The BBC mentions six specific cases. Perhaps there are more. But of the ones it identifies, I found no evidence to support the claim that they represent an effort to increase oil and gas production. And the only case which actually talks about expanding something is a wind farm project in the UK.
Let’s go through it in detail and look at the key facts.
Fossil fuels in partnership with China?
The BBC says:
They included proposed ‘talking points’, such as one for China which says Adnoc, the UAE's state oil company, is ‘willing to jointly evaluate international LNG [liquefied natural gas] opportunities’ in Mozambique, Canada and Australia.
The first step to understanding this is to look deeper into the context of the countries and projects mentioned.
All three countries are coal producers. Mozambique last month was eyeing up receiving $200 million to invest in ramping-up coal production. Canada is the world’s thirteenth largest coal producer, though its production is declining, while Australia is expanding production dramatically. Canada is also of course the world’s major producer of oil from tar sands, one of the dirtiest fossil fuels.
For the last few years, most scientific life-cycle studies have shown that LNG’s carbon emissions are around 50% lower than coal. This is the view of the International Energy Agency, the US Department of Energy and the wider literature.
The main outlier is research by Cornell University ecologist Robert Howarth offers the main critique of this research – he recently released a paper concluding that LNG produces higher emissions. This paper is not peer-reviewed, however. Howarth’s body of work has been widely contested in the scientific community. His famous 2011 paper claiming that shale gas has higher emissions than coal, on which his new LNG work builds, was heavily critiqued by other Cornell University scientists for inappropriate assumptions and misinterpreting his own data.
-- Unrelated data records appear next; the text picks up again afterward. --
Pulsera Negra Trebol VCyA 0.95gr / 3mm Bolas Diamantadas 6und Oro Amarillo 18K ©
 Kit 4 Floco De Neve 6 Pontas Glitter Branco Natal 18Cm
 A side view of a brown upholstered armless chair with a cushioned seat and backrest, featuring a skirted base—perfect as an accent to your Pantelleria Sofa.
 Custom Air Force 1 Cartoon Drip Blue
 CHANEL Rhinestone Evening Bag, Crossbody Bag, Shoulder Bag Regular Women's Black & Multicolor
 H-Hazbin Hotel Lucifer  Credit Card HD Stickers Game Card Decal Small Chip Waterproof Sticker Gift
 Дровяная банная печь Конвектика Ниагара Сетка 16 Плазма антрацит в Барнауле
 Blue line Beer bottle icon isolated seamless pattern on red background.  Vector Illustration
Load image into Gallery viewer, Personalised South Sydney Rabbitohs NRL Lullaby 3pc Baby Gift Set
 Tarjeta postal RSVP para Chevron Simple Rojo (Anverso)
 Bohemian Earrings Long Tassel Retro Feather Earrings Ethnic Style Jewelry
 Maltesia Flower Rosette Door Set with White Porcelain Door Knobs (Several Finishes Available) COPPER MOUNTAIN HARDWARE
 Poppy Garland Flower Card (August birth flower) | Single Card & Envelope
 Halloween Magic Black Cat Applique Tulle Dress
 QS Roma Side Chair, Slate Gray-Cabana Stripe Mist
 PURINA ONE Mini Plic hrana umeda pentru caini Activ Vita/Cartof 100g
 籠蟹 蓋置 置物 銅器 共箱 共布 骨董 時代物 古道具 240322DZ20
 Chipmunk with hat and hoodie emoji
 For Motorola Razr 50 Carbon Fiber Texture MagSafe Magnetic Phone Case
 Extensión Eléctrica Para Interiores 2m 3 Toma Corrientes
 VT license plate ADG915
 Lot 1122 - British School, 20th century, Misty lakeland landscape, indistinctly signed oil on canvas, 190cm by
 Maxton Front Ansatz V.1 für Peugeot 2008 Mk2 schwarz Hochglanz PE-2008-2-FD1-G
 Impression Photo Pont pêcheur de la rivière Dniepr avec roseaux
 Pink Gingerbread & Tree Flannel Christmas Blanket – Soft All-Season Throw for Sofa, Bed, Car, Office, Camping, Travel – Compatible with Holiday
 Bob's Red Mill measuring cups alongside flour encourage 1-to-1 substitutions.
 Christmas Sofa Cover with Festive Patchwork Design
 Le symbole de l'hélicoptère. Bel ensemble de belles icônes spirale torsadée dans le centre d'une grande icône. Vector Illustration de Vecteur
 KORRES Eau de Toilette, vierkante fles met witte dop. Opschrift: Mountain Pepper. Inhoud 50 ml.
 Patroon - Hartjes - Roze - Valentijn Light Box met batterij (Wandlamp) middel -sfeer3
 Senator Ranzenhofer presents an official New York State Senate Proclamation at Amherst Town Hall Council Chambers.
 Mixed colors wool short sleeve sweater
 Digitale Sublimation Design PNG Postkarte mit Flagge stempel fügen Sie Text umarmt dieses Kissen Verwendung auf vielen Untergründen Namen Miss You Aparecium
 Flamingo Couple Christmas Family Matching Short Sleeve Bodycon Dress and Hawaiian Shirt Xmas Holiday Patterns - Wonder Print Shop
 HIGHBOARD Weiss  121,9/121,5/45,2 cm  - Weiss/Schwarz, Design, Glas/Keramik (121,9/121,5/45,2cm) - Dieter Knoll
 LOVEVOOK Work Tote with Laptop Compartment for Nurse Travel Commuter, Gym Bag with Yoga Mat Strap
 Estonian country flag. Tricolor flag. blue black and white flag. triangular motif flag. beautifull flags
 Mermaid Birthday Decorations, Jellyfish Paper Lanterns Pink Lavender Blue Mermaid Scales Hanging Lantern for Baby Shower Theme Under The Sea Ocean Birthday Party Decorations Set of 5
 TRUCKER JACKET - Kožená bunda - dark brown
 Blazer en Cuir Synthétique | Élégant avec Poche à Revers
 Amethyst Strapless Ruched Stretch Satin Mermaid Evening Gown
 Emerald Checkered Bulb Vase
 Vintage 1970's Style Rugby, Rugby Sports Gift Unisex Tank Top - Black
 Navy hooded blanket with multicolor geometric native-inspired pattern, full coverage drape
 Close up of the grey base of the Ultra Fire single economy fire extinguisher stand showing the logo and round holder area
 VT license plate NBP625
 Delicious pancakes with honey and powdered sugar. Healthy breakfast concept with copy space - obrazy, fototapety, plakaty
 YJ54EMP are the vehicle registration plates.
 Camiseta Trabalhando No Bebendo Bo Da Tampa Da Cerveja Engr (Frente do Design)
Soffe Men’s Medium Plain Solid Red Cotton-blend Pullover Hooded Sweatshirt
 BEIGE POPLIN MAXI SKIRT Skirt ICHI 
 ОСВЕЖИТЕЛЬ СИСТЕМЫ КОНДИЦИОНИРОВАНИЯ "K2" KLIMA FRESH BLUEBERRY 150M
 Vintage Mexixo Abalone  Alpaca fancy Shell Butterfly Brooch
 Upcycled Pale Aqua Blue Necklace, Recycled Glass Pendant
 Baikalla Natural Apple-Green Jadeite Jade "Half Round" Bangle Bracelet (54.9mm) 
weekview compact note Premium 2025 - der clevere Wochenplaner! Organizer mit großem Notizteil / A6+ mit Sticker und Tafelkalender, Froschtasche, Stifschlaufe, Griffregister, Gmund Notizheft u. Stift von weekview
All in all, there’s a strong scientific case for the idea that LNG can work as a bridge fuel to accelerate the disruption of coal and oil, reducing emissions by as much as half, while we are still building out renewable energy.
Exploring LNG opportunities in these countries with China might well count, technically, as being open to ‘new’ fossil fuel projects. But what the BBC report completely ignores is that rather than leading to a total increase in fossil fuel production, these would potentially drive a significant net decrease in overall emissions by disrupting existing oil and coal projects.
Fossil fuels in Colombia?
The BBC goes on to say:
The documents suggest telling a Colombian minister that Adnoc ‘stands ready’ to support Colombia to develop its fossil fuel resources.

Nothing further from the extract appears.